Flic flac floc

Paris était humide la pluie m’enquiquinait.

« Au hasard des rendez-vous à vélo, à pied, sans détour, au hasard du jour. Il n’y a pas de travail. Il n’y a pas d’idées. Il n’y a que des planches contact mouchards de mes trajets en ville. Sans renier cette idée que le chemin est plus important que le but ». Raymond Depardon. « Paris Journal » Editions Hazan.

Je passais mon chemin dans le quartier de la gare Saint Lazare à l’arrière là où arrivent les trains, au dessus des voies, à l’endroit même où la fameuse photo de Cartier-Bresson a été prise. J’ai essayé de me souvenir de quel endroit il l’avait prise mais les voiries actuelles ont bien changé et son immense flaque a bien peu de chance de se remettre en eau.

La petite horloge au dessus de la verrière par contre semble encore bien dans son jus.

© Henri Cartier-Bresson, Derrière la gare Saint-Lazare, Paris, 1932

Plus loin mes pensées se connectaient avec une photo de Ronis prise vers la Place Vendôme justement intitulé Place Vendôme.
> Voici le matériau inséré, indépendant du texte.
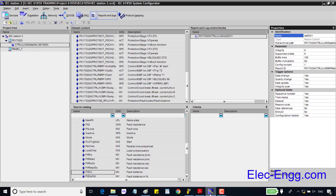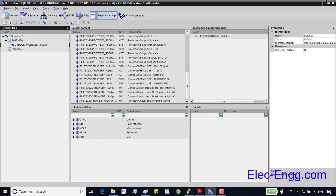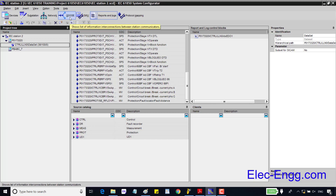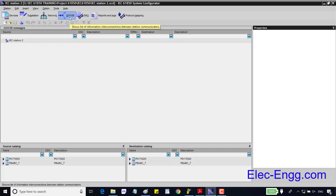In the previous session we created a dataset for the distance relay and added signals based on the dataset table. We should do the same for the other devices and create the datasets to add required signals. Next, we should create GOOSE datasets based on the project documents.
Là aussi quelqu’un sautait une flaque mais juste au bord d’un trottoir avec la colonne entre jambes .

© Willy Ronis Place Vendôme 1947

Cheminant vers le métro Rome où mon métro m’attendait, ces deux photos à l’esprit, une belle mare d’eau barrait le chemin des piétons voulant poursuivre leur route. Quasiment obligés de bondir au-dessus des eaux pour se rendre à la station de métro toute proche.

Quelques instants suffirent pour quelques prises. Le reflet trouble, les passants bondissent les uns derrière les autres, le photographe saisit, une petite dizaine j’ai choisi ces trois là.

Personne ne se soucie de ma présence tout concentrés qu’ils sont « pour ne pas rentrer les pieds trempés».